Fatal Error on my Node

I cloned the data with freefilesync, during operation and then switched off the node and made a comparison of the data again. 1 week no errors and now it’s like before

Hm, probably a fragmentation? (it’s cloned as well)

By the way, I did not disable a defragmentation task for my disks. And even did not exclude for Microsoft Defender.

the fragmentation of the plate is 8%, the defragmentation is switched off and the defender is deactivated for this plate. my feeling is that somehow deleting the trash folder causes the node to crash. I think that the result is the problem, the filewalker looks at all the data, before it’s done with it, the node gets the command to delete the data again. Then the error occurs and the game starts over. there is no possibility. telling the node to run the filewalker first and then delete the data.

2 Likes

you have a several options:

  • disable a filewalker (if you do not use this disk for something other it should be pretty safe)
  • increase a timeout accordingly error (for write timeouts increase the writeable timeout, for read timeouts increase the readable timeout and readable check interval)

How can I tell if Filewalker is disabled? I changed that in the config.

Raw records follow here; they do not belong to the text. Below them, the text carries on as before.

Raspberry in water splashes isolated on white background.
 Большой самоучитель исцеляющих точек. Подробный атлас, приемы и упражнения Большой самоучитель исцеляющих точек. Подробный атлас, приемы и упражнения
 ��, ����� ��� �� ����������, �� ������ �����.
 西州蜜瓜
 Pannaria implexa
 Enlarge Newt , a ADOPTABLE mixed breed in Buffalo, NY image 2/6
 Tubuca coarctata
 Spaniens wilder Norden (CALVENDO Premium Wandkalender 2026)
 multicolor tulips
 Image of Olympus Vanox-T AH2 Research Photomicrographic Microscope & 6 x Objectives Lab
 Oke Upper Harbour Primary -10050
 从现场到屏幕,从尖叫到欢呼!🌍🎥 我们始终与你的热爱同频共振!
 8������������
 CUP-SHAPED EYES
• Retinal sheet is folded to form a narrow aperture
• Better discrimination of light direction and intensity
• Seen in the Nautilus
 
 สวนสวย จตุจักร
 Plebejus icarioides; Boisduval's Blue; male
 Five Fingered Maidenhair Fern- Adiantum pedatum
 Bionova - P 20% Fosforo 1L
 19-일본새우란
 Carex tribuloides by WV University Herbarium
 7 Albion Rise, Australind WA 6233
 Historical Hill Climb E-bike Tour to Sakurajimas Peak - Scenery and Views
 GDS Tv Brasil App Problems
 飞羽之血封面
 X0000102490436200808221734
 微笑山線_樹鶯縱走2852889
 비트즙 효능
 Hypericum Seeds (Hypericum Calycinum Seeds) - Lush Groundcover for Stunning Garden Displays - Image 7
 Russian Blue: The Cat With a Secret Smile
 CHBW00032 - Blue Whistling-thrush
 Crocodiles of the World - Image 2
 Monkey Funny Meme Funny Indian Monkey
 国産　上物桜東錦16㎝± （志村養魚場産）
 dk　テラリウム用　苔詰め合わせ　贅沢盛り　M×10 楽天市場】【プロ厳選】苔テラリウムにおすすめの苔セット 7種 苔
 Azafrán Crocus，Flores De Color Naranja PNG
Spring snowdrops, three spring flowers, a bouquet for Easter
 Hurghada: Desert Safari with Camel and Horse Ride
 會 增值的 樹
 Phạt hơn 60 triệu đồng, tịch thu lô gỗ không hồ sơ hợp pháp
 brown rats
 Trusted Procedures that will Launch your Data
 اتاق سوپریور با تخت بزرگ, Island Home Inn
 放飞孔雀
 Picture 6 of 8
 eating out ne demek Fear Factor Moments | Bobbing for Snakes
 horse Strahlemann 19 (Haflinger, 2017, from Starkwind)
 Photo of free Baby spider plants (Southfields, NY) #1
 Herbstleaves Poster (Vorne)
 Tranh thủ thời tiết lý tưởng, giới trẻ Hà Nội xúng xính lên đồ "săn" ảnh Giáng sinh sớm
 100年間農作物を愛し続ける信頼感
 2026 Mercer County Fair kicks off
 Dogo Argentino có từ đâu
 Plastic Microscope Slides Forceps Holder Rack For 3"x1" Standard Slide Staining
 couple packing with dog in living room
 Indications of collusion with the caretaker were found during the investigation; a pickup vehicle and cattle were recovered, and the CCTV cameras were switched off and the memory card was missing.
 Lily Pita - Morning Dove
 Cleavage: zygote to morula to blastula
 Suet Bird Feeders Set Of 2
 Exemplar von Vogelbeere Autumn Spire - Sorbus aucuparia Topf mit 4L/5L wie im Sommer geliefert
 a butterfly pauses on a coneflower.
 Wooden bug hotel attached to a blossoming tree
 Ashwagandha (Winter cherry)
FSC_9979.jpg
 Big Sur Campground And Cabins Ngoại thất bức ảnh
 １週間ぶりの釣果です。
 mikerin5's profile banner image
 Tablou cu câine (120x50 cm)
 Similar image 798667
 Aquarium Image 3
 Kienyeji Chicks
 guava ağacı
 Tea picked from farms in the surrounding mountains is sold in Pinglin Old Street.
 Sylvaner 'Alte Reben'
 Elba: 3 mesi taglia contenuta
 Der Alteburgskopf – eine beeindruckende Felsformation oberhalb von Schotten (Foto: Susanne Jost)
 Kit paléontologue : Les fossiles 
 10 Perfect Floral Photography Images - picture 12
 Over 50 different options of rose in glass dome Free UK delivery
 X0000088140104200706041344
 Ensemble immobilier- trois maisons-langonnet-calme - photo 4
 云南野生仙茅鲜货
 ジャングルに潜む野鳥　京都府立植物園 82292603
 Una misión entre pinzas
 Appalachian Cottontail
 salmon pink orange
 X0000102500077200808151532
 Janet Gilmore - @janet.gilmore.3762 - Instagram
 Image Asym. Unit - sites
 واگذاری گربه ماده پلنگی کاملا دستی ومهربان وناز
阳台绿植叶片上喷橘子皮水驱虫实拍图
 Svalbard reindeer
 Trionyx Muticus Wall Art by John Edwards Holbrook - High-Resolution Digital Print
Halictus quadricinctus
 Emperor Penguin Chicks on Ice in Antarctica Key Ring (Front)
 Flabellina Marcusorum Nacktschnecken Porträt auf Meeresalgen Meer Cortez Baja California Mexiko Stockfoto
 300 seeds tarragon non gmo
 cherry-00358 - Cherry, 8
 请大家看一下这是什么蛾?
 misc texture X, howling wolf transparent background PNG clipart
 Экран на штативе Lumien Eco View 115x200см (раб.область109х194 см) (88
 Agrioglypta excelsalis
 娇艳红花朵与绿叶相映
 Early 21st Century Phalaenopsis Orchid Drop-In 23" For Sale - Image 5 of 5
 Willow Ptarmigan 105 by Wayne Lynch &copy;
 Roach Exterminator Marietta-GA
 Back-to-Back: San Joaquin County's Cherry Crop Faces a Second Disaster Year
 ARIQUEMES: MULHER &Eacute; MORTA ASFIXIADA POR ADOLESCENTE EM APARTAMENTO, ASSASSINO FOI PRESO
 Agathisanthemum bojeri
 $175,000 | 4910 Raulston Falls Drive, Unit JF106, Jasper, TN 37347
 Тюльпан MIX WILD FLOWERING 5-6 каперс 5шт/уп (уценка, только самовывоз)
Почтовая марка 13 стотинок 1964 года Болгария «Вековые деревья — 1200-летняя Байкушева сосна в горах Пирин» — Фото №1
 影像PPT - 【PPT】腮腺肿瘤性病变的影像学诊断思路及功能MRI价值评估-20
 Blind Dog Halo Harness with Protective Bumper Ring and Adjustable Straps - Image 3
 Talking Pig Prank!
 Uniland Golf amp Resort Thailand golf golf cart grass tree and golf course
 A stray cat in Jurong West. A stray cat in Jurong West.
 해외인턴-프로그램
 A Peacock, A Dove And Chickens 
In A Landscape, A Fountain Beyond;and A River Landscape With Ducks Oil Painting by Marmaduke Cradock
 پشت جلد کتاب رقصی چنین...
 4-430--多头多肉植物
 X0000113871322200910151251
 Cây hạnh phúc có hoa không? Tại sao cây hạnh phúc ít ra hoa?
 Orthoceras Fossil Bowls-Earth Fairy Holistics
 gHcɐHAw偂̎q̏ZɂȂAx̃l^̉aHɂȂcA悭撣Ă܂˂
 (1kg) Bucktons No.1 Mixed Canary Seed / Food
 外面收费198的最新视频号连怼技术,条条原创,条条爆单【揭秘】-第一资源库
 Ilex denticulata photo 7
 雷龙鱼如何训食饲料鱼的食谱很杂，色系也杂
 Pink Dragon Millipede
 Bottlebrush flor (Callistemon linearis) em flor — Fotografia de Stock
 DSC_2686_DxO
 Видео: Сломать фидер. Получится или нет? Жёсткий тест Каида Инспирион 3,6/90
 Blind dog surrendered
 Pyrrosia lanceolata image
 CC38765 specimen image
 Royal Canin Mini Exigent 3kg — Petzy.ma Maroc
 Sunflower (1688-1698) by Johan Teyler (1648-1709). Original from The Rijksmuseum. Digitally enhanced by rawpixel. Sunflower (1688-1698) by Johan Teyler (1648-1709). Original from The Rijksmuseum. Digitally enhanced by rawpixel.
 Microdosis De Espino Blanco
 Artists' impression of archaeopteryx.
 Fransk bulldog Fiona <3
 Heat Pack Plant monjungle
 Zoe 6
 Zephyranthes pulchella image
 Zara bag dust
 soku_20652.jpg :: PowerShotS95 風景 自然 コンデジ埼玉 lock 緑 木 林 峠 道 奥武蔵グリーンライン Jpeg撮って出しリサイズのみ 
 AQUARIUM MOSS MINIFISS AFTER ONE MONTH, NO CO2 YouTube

if set to true, all pieces disk usage is recalculated on startup

storage2.piece-scan-on-startup: false
is that okay?

I’ve already increased the read and write timeouts, it now stands at 2 min 30 s
but so far has made no difference.

I just noticed that the config of the two nodes are different, i.e. parameters that exist in one do not exist in the other and vice versa. is that normal? are both on the same version 1.76.2

The setting is correct. I hope you also uncommented the line by removing the # sign.
The config file is not updated so often, but you can add any parameter to it. If one node is newer than the other, it must have a more recent version of config file.

1 Like

We need a wiki topic with all the config parameters, with detailed explanations and situations in which they should be used and how.

6 Likes

That would be really great, then you would also understand some parameters better

OK then it could be the problem that some nodes are causing problems. I just copied the config of the working node and moved it to the non-working one with the node-specific (public address+port) settings. and it seems to be working so far, at least the hard disk load has dropped to 15% and there are no errors at the moment. It’s not that there were incorrect settings in the configs of some nodes due to older versions.

1 Like

@Alexey which of the parameters is not advisable to increase more than 5 minutes and fail audits?
Readable or writable parameters?

so you run defrag automatic or not?

The readable timeout and interval. However, these parameters themselves will not start to fail audits, this will be an indication that your system potentially could not provide a piece for audit within 5 minutes, this will put your node into a containment mode and it will be asked for the same piece 2 more times before considering this audit as failed.

So, these parameters are safe from the auditing point of view, but if you have timeouts more than 5 minutes for reads you should be aware that this node may start to fail audits as well and maybe it’s better to crash it before that.

Yes, the automatic defragmentation is enabled for all drives on my Windows PC. I only disabled an indexation for search and excluded them from the Windows Defender, because it makes no sense to scan or index pieces of encrypted data.

so i will wait untill my online score recovers and then run the defrag while the node is “set full”
lets see if this cures the “slow subsystem” may take some weeks.

defragging could increse the writing speed significantly. sadly not so much reading.

What is the correct format for setting those timeouts in docker run command?

Just so you know, whichever parameter is not set in docker run command is picked from the config.yaml file.

Yes, I know, but we, dockers, preffer to set everything in the run command. :blush:

Addendum, after 24 hours the system is running as before version 1.75.2, no more errors, the recycle bin is finally empty again, the hard disk utilization is in the normal range as before with 5-15%, all settings are set to normal again and the system is runing .
So there is something wrong with some nodes with the config.

2 Likes

add -- before the option and place it after the image name or in the command: clause in case of docker-compose.

if you believe that the difference in the config is a root cause (not the load, which perhaps ended for your node), then could you please post a difference?

1 Like